Did you know your kid’s car seat has an expiry date on it?
Car seat usage sure has changed over the years. Kids need to be in a car seat or a booster for eight to twelve years, a.k.a. approximately forever, now-a-days. When I was a kid car seats were strictly for infants, and once you moved out of the baby seat you were free to roam the vehicle, seat belts sometimes optional. A lot has changed over the years, and it’s all meant to keep our kids as safe as possible.
When I had my first child I had a big baby shower a few months before my due date, and of course one of the items I asked for on my registry was a carseat. Well, actually two car seats. We had a bassinet style infant seat, the type that pops out and you can carry the baby around in it, which we intended to use for the first six months or so, and then a second car seat, designed to grow with the child, transforming from a rear facing harness style seat, to a forward facing seat, and eventually to a booster.
However we really liked the convenience of the pop and carry infant seat, so we used it for as long as possible.

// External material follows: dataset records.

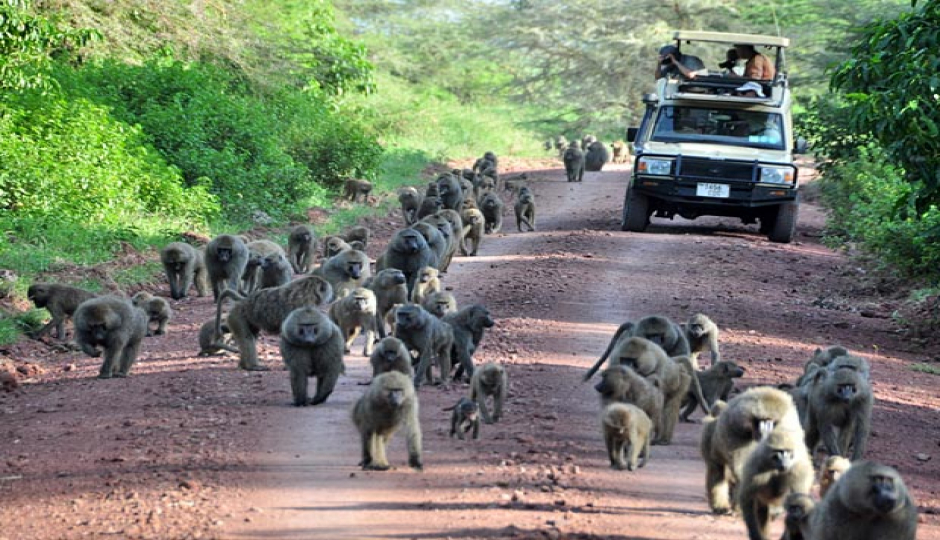 Actual image number 4 for slideshow images, displaying 24 tanzania safari images
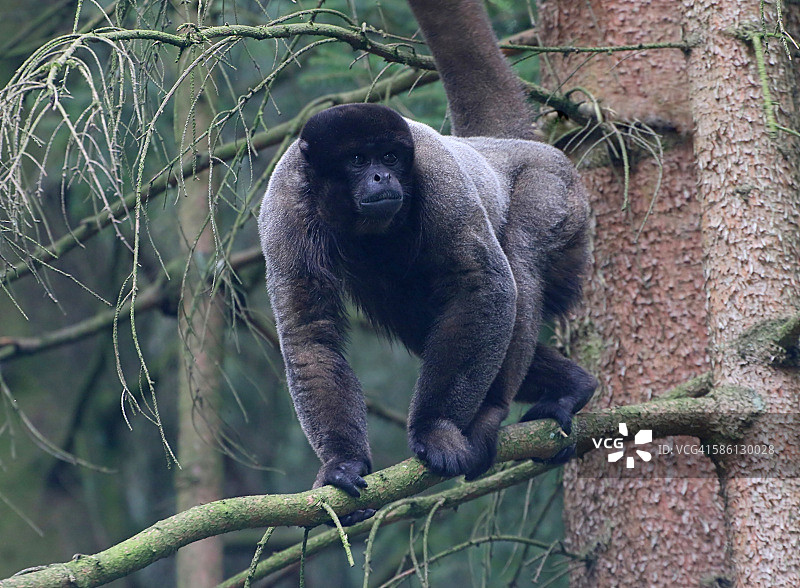 棕色绒毛猴图片素材
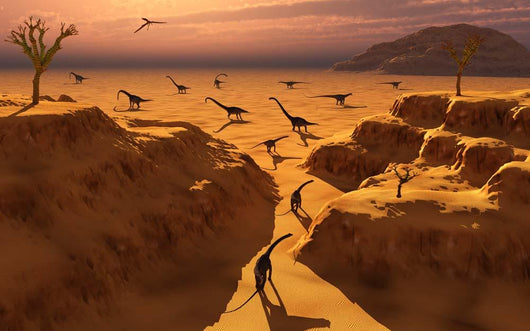 Herd Omeisaurus Dinosaurs Migrate Wall Decal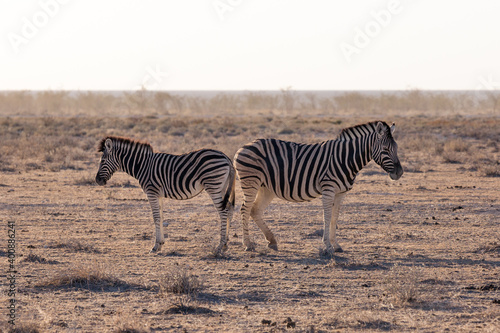 Etosha, Namibia, June 18, 2019: Two zebras stand back to back in the middle of the desert, bush in the background in the haze © Mitya Sidor
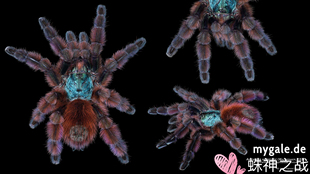 男女士另类宠物马提尼克油彩，粉红趾1-10cm蜘蛛温顺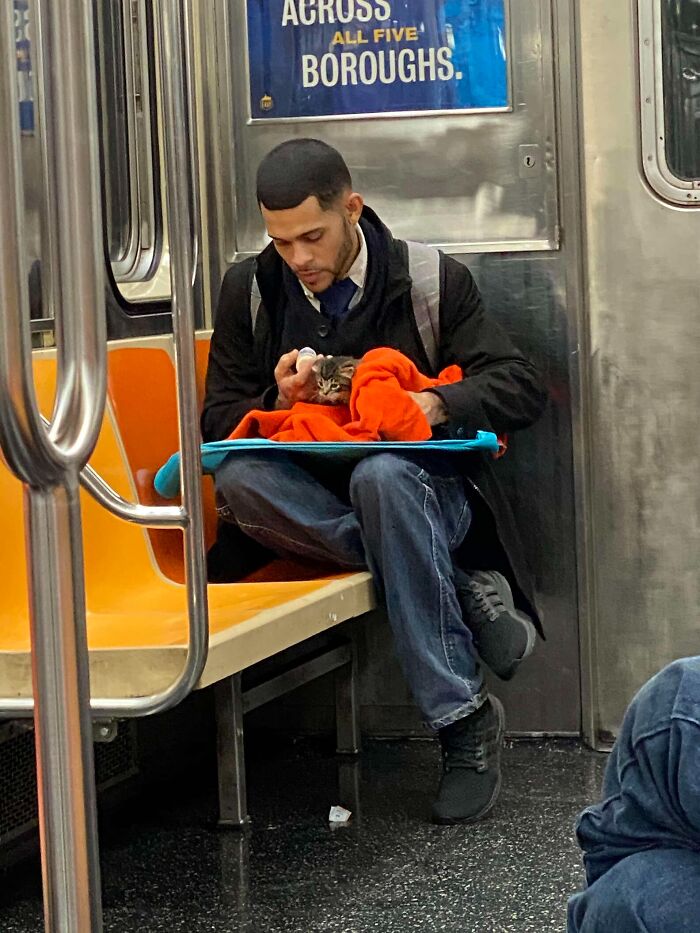 Man feeding kitten wrapped in a blanket while sitting on a subway train bench during a commute. Man feeding kitten wrapped in a blanket while sitting on a subway train bench during a commute.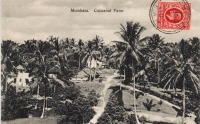 Mombasa. Coconut Farm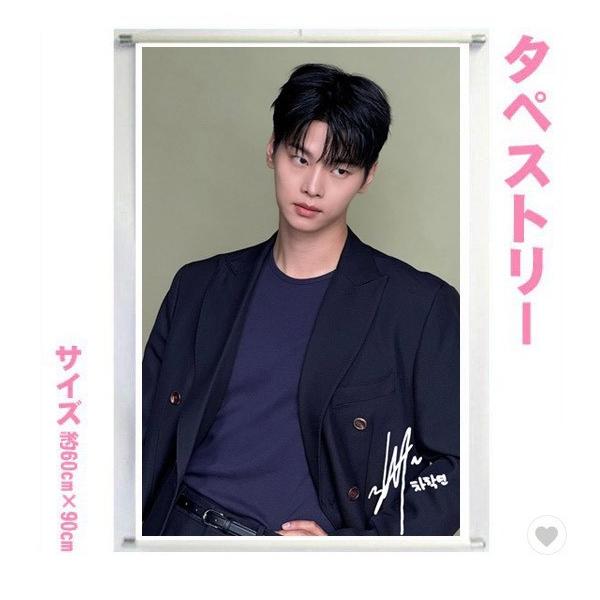 チャハギョン VIXX エン 大型 タペストリー 60×90 韓流 グッズ bb213-8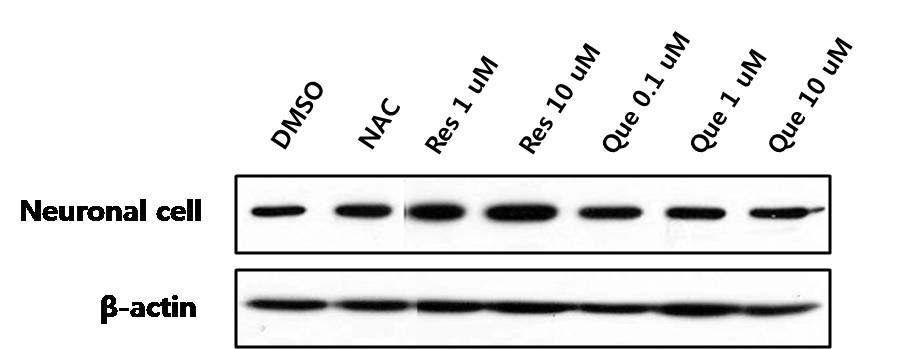 Western blot 분석을 통한 신경세포에서 ROS에 대항하는 중요한 내인성 항산화효소인 catalase의 발현수준 확인 및 항산화 효과 확인.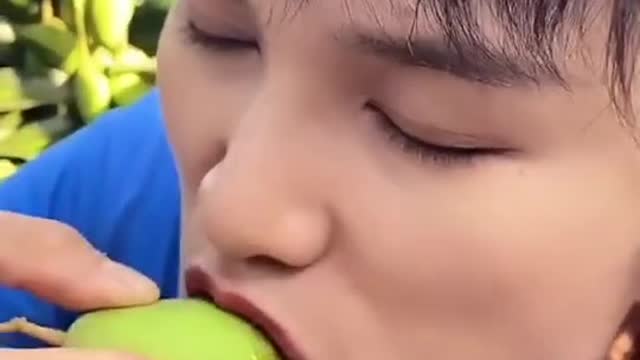 Ngerujak mangga langsung dari pohonnya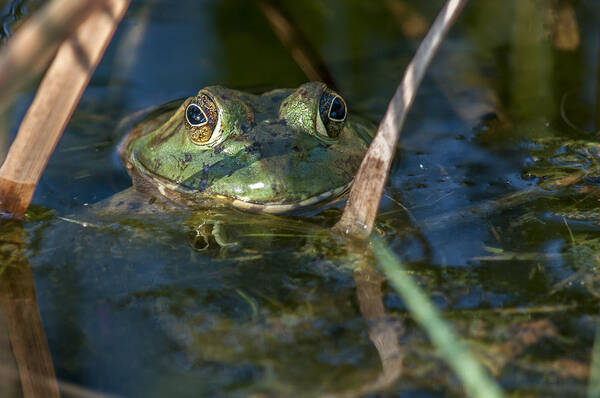 Amphibian Poster featuring the photograph Frog Eyes by Cathy Kovarik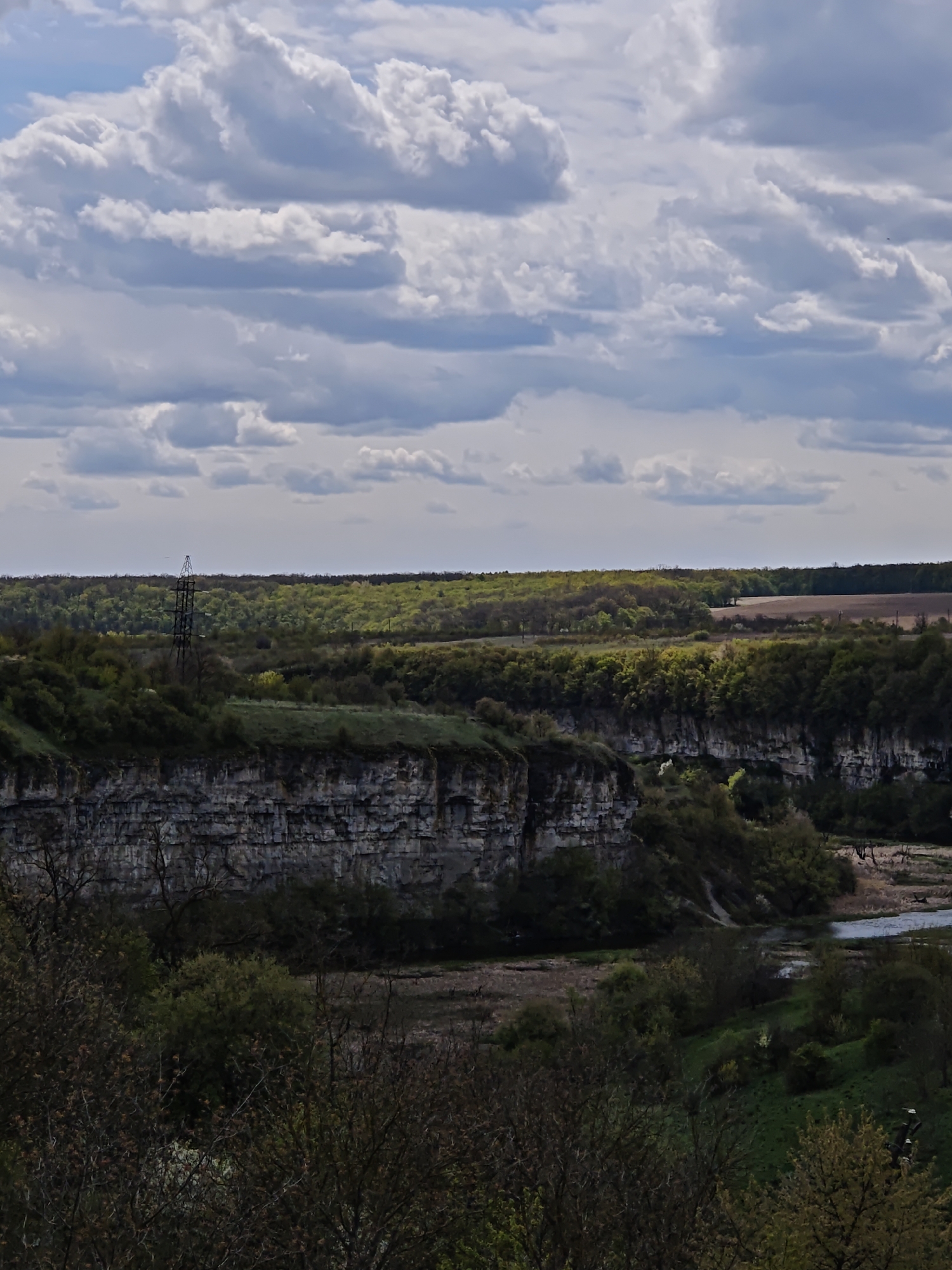 This landscape photograph captures a wide view of a deep river canyon, likely the Smotrych River Canyon in Kamianets-Podilskyi, Ukraine. The scene features prominent, layered grey rock cliffs forming the steep sides of the gorge, partially covered by dense green and brownish-green vegetation, including numerous trees and shrubs.
At the bottom of the canyon, a winding river or stream with calm, reflective water is visible. Above the cliffs, the landscape extends into a plateau covered with more trees and agricultural fields in the far background. A tall, dark metal electricity pylon stands on the plateau to the left of the image, marking a point of human infrastructure within the natural expanse.
The sky is overcast, dominated by a vast expanse of large, fluffy white and grey cumulus clouds. The lighting suggests it is daytime, possibly late morning or early afternoon, with diffuse light filtering through the clouds. No people are visible, and the scene conveys a sense of natural grandeur and tranquility. There is no visible text in the image.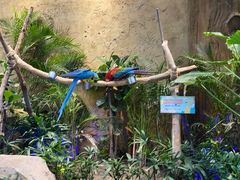 -杭州开元森泊度假乐园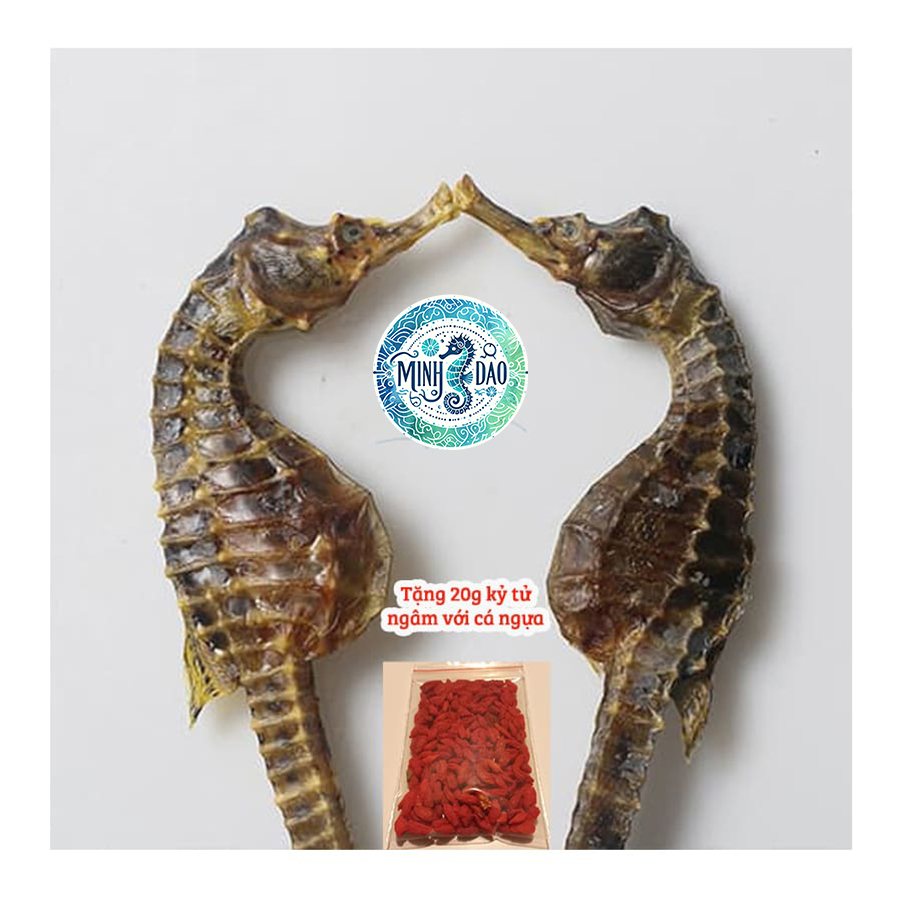 Cặp cá ngựa khô ngâm rượu 06-13cm- Đặc sản Phú Quốc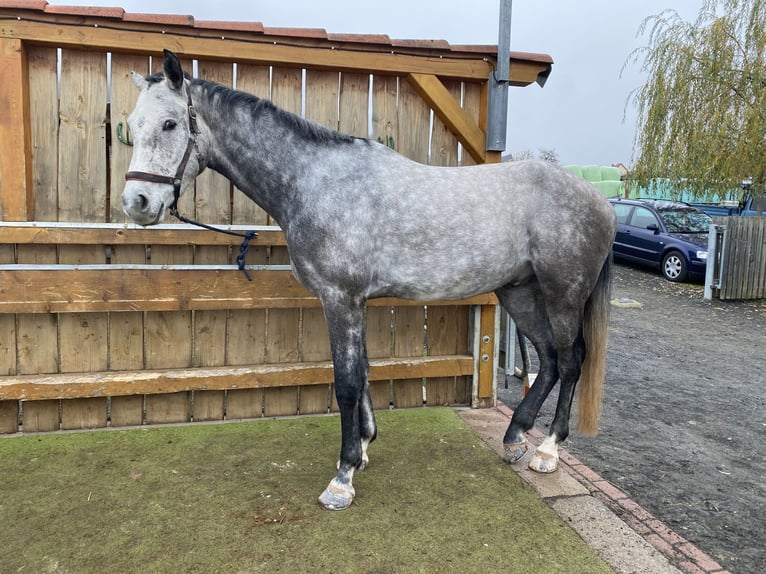 Niemiecki koń sportowy Wałach 5 lat 172 cm Siwa jabłkowita in Kaltennordheim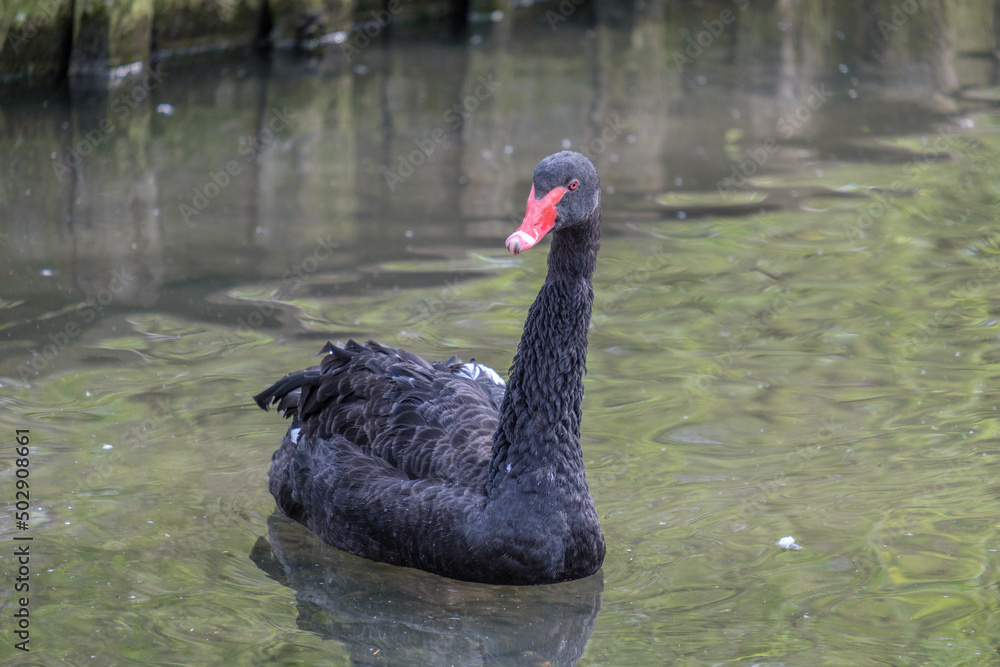 Naklejka premium black swan on the lake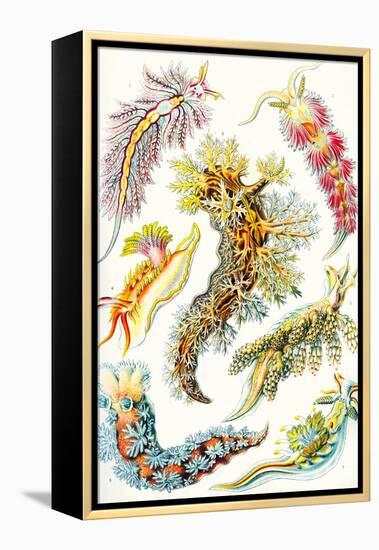 A Collection of Nudibranchia from 'Kunstformen Der Natur', 1899-Ernst Haeckel-Framed Premier Image Canvas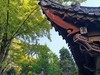 手机扫街——背街/小巷/阳光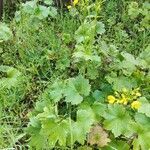 Ranunculus cortusifolius habit picture by Mirjam Rücke (cc-by-sa)
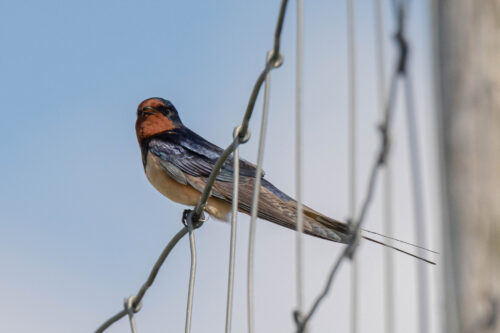 Boerenzwaluw (Hirundo rustica)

This is going back a few years now but if I’m remembering correctly we kept her in that seat until sometime around her first birthday. By the time I brought that second car seat out of it’s box and set it up the thing was already over a year old. Which is a problem because car seats have expiry dates.
According to the Transport Canada website:
Manufacturers give an expiry or useful life date because over time:
- frequent use and exposure to sunlight can damage and weaken plastic;
- safe-use labels on the products fade or become hard to read;
- instruction manuals have likely been lost;
- food, cleaners, drinks and other materials that have been spilled or used on webbing, buckles, adjusters and other parts may prevent them from working safely;
- the history or condition of the car seat or booster seat becomes hard to check (was it in a crash, was it stored in a place or in a way that caused damage to parts, etc.?);
- safety regulations and standards may have changed, so safer products may now be on the market; and
- second or subsequent owners may not get product safety recall notices if problems arise.
All of which makes perfect sense, but car seat expiry dates can still be extremely frustrating if you’re not paying close attention. I mean, when picking out my daughter’s seat I knew that carseats had expiry dates. I had heard this fact mentioned, I was vaguely aware it was a thing. However I assumed that since kids are now required to be in a car seat or booster until somewhere between age eight and age twelve, depending on their height and weight, that the seats must be designed to last that long. That would only be logical, right?
What I didn’t realize is that some manufacturers have expiry dates that last as little as six years. And the expiry date isn’t based on when you first start using the seat, it’s based on when the seat was manufactured. So when I put that brand new seat into our car it was already almost two years into its’ expiry date.
Which means by the time my daughter’s seat was ready to be transformed into a booster it was already ridiculously close to it’s expiry date. I was ticked off because we had paid extra for a seat which would transform into a booster when we would have been better off buying a simple non-convertible car seat for the toddler years, and then a separate booster seat once she became old enough to use it.
So here’s what I wish I had known before picking out my first car seat:
First: Car seats expire. It sucks, but it’s a fact of life.
Second: Having your child in a seat which has already expired is not only unsafe, it’s against the law.
Third: You may want to wait and not purchase the seat until you intend to use it. Having a brand new car seat sit in your closet for a year, with that expiry date already counting down, is probably not the best way to go.
Fourth: The expiry date is based on the date of manufacture. Keep in mind the car seat you buy may have been sitting in the store for a few months. If possible check the packaging for the expiry date before purchasing.
Fifth: When it comes to expiry dates not all brands are created equal. Some seats have expiry dates that last as little as six years, while others are good for eight or even ten. You can check out this chart on the Transport Canada website to see how various brands stack up when it comes to expiry dates.
One of the things that makes the Diono Radian RXT I recently reviewed particularly awesome is the fact that it is good for up to eight years as an infant or child seat, and then an additional two as a booster. Making it a car seat which may actually work for your child right from birth until when they’re ready to buckle in with a regular seat belt. Woohoo!
Overall, if I had known a bit more about car seat expiry dates before choosing my daughter’s car seat I would have saved myself some frustration, and also some money. Paying extra for a seat that converts to a booster, when it’s going to expire before your kid can use it as a booster seat, just doesn’t make sense! If I could go back and change things I would either pick out a simpler non-transforming seat, or a car seat that was actually designed to last long enough for my child to still use when booster seat time came along.
What car seat tips do you wish you’d known before picking out your child’s first seat?